Il est toujours émouvant de constater que le livre a été un succès dès sa sortie, réconfortant des milliers de lecteurs français dépassés par la situation difficile. La poésie chinoise crée des liens entre la France et la Chine, et conserve son pouvoir guérisseur ancestral.

La version chinoise a également rencontré le succès, mais pour des raisons différentes : les lecteurs chinois sont émerveillés de voir que cette poésie qui leur est si familière peut aussi toucher des étrangers. Ils prennent mieux conscience de sa valeur universelle et surtout de sa modernité : elle nous touche tous, malgré les siècles qui nous séparent d’elle.

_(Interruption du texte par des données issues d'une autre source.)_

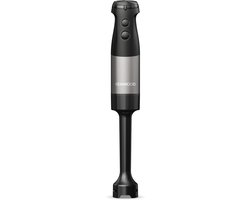 Handmixer Staaf - Keukenapparaat - Maaltijden Bereiden - Krachtige Motor - 1200 Watt - Zwart — afbeelding 4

Le pouvoir des échanges culturels

Le succès de cette collaboration souligne l’importance de l’héritage culturel et des grands classiques. Dans le même esprit, j’ai initié le ballet Le Pèlerinage vers l’Ouest, avec la collaboration d’un compositeur français et d’une chorégraphe chinoise. Laurent Petitgirard est un compositeur français renommé et secrétaire perpétuel de l’Académie des Beaux-Arts sous la Coupole.

Wang Yabin est une danseuse chinoise qui a participé à de nombreuses représentations internationales. Elle est également une chorégraphe talentueuse et respectée. La Chanteuse de l’Opéra, adaptée du roman de Bi Feiyu, a été un énorme succès. Elle y tient le rôle principal tout en étant la chorégraphe.

Un passeur est celui qui fait passer. C’est à lui de maîtriser l’art de conduire un bateau d’une rive à l’autre, et sous cette métaphore, nous voyons bien l’art de traduire, d’une langue à l’autre. Mais cela ne suffit pas, le passeur est aussi celui qui connaît bien les deux rives. C’est avec amour qu’il circule entre les deux rives et fait passer le meilleur de ce que contiennent l’une et l’autre rive. Réjouissons-nous qu’il existe tant de choses merveilleuses sur une rive comme sur l’autre. Dans le cas de la Chine et de la France, le flot des échanges culturels continuera de couler.

 

*DONG QIANG est doyen de l’Académie Yenching de l’Université de Pékin et membre correspondant de l’Institut de France.